*** Opening Given data ***

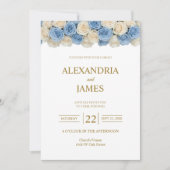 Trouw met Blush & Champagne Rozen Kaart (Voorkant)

*** Closing Given data ***
*** Opening Given data ***

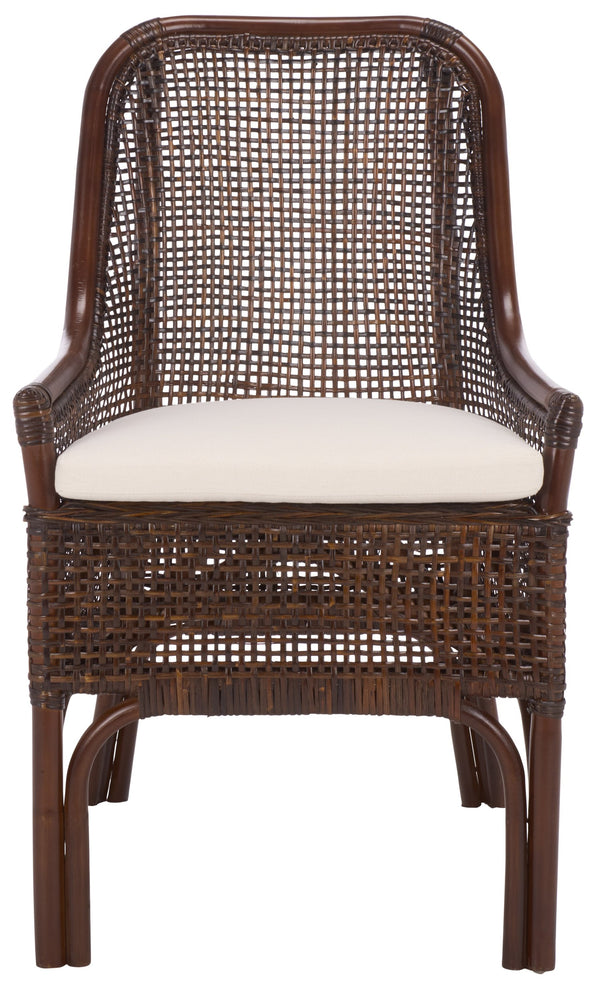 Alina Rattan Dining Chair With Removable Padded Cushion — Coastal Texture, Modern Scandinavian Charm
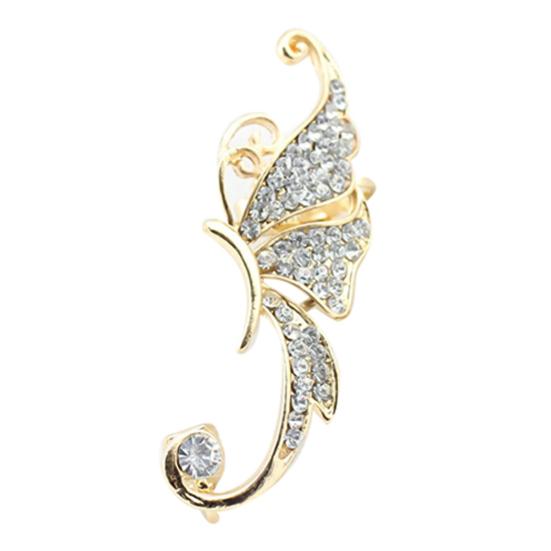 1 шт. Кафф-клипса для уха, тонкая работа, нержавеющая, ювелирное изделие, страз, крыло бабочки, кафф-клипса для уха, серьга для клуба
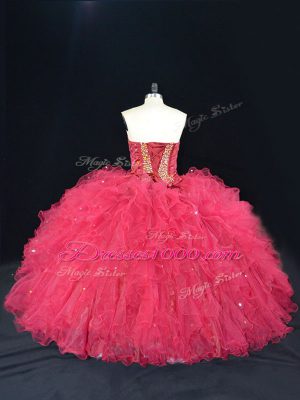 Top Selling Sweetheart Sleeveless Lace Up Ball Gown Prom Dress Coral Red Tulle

*** Closing Given data ***

Between and including the line above that contains "1 шт. Кафф-клипса" and the line that contains "Top Selling Sweetheart", restate every line word for word. Pictures stay out.

 1 шт. Кафф-клипса для уха, тонкая работа, нержавеющая, ювелирное изделие, страз, крыло бабочки, кафф-клипса для уха, серьга для клуба
 Top Selling Sweetheart Sleeveless Lace Up Ball Gown Prom Dress Coral Red Tulle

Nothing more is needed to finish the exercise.